-- DATASET CONTENT follows --

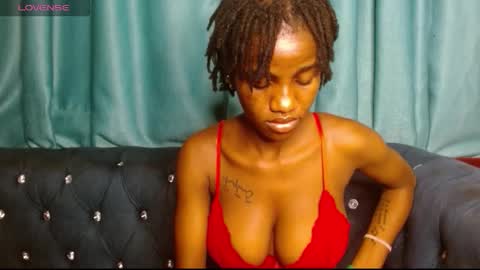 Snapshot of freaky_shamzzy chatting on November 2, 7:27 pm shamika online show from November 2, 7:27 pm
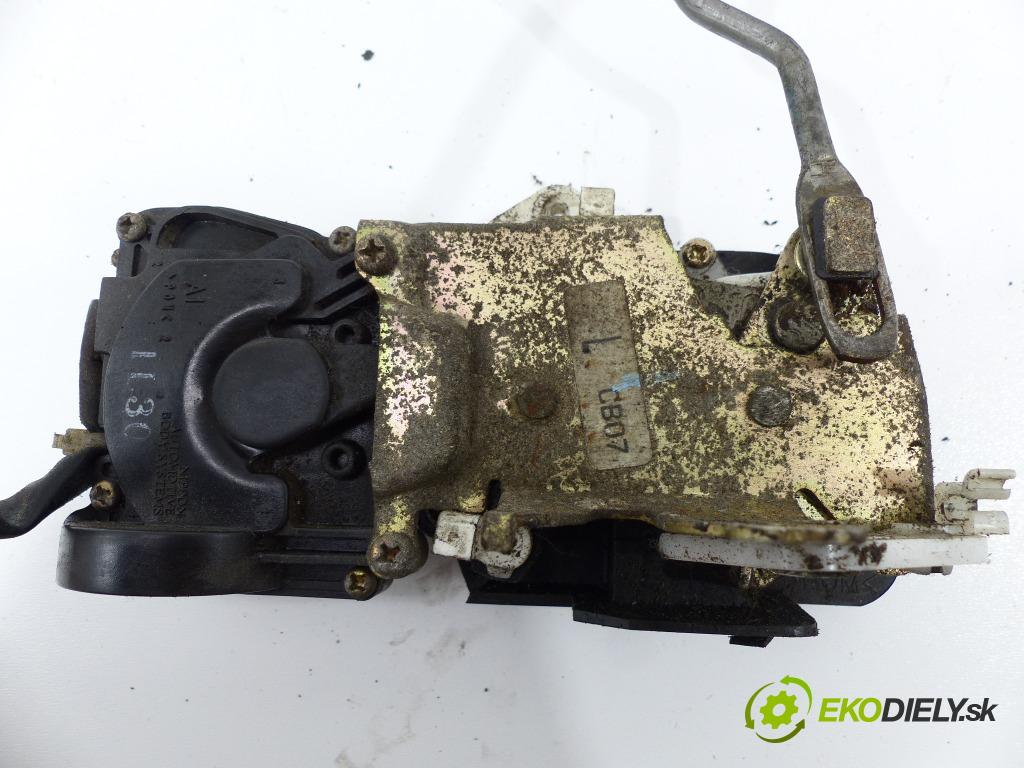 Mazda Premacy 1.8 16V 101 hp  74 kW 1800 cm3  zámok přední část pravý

-- DATASET CONTENT concluded --
-- DATASET CONTENT follows --

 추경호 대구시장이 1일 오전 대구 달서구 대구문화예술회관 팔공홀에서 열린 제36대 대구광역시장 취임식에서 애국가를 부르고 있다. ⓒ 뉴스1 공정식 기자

-- DATASET CONTENT concluded --

• [DIRECTIONS FOR THIS TASK] What belongs in the answer is each line above from the line with "Snapshot of freaky_shamzzy" to the line with "Mazda Premacy 1.8", inclusive, reproduced exactly and free of pictures.

• [SOLUTION TO THE PROBLEM]
 Snapshot of freaky_shamzzy chatting on November 2, 7:27 pm shamika online show from November 2, 7:27 pm
 Mazda Premacy 1.8 16V 101 hp  74 kW 1800 cm3  zámok přední část pravý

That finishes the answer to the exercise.